Any company making internet and e-mail available to employees should have a clear written policy on its use. There are many pitfalls if the policy is not clear.

There has been a rapid rise in the number of unfair dismissal claims relating to internet abuse. The most obvious example is the now common case of the employee down loading pornographic material. However, the nature of the material is not necessarily going to be regarded by the tribunal as the important issue, particularly if there are not clear guidelines. In at least one tribunal case an employee was found to have been unfairly dismissed for down loading pornographic images because the company had no policy.

There is also a risk that other employees may make claims if one employee is abusing the internet. In one case a female employee claimed against the employer for sexual harassment because male employees in an open plan office were down loading pornography. The employer was found liable because it had not taken steps to stop it.

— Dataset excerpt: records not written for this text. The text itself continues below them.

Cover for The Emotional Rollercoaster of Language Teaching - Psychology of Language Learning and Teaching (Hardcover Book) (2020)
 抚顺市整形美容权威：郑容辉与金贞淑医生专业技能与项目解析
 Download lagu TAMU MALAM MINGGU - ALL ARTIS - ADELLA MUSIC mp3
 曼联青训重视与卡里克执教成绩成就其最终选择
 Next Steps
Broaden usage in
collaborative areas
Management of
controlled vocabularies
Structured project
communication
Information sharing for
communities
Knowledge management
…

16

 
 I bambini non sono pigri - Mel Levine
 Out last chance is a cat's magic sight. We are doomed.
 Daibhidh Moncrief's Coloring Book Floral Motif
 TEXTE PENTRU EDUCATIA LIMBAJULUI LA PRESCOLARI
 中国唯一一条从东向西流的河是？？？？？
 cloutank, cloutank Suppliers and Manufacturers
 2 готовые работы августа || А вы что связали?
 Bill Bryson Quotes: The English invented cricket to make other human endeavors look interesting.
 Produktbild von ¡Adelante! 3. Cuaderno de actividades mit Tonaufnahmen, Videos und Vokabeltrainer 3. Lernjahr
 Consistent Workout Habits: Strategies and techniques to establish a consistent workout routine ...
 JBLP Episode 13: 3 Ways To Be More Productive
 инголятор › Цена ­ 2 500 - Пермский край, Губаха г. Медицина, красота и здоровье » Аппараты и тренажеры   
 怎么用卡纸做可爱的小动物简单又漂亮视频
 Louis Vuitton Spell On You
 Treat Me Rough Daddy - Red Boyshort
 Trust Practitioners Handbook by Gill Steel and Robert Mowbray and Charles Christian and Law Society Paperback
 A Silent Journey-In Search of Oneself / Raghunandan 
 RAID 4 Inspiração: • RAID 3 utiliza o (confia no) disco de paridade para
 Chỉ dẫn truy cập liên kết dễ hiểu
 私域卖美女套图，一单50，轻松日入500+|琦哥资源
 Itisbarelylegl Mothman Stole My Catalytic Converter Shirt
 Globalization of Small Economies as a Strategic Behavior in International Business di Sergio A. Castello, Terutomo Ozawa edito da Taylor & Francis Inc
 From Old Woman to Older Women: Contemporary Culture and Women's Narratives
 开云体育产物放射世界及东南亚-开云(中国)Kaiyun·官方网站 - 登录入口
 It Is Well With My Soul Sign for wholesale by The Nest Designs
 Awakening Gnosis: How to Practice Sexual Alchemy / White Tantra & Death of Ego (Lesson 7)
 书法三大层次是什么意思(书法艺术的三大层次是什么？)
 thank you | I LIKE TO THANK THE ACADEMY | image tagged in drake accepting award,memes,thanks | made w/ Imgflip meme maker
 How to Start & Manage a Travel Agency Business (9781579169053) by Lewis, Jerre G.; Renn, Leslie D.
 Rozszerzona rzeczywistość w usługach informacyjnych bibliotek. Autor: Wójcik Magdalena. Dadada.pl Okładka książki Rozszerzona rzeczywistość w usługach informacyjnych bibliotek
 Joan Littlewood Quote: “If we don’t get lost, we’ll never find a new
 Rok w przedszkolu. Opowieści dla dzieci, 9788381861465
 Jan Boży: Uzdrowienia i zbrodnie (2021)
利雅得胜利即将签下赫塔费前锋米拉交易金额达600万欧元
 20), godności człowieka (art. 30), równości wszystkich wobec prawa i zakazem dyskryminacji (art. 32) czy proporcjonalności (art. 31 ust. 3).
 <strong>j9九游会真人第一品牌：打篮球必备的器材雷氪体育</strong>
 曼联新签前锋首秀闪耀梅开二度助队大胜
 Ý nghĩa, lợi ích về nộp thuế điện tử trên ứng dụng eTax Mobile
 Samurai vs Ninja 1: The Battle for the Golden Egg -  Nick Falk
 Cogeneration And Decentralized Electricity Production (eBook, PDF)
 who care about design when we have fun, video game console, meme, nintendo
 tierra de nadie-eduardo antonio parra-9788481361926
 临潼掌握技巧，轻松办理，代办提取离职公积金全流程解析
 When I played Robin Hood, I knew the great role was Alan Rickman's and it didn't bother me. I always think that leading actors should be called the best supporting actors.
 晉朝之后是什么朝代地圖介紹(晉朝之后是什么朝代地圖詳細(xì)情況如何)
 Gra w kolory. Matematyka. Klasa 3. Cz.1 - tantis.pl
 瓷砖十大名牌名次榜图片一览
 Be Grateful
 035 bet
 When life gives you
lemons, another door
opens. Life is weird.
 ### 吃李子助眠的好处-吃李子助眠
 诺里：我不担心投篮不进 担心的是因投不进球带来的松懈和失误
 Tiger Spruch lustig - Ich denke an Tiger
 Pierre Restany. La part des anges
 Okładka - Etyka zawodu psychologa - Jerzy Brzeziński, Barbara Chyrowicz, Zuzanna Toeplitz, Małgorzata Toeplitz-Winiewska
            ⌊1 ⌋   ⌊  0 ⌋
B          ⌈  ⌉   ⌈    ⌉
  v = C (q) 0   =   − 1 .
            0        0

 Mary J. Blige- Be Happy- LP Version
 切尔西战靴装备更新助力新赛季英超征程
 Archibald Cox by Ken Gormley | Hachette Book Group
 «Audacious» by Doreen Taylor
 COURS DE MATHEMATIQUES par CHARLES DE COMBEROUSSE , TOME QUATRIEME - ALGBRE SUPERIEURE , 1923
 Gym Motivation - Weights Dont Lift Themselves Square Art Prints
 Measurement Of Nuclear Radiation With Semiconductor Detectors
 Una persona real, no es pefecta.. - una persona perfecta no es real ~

Employers now frequently monitor employees' use of the internet and e-mail. However this may itself give rise to employee claims. The Data Protection Act 1998 provides that employers should respect employees' privacy and human dignity. An employee whose personal use of the computer is monitored without warning may complain that this is an infringement of the Act.

These rights are likely to be reinforced by the Human Rights Act which will introduce new rights to privacy this autumn. It has already been established that an employee has a legitimate expectation that private telephone calls made from business premises will not be intercepted without warning. The use of e-mail and the internet is likely to be protected in the same way. But an employee warned in a written policy is less likely to be able to complain.

There is also a risk that the employer may be liable for defamatory material placed on the internet or sent by e-mail by the employee. In one recent case Norwich Union were reported to have paid substantial damages for libel following an e-mail published by a manager which made defamatory remarks about another company.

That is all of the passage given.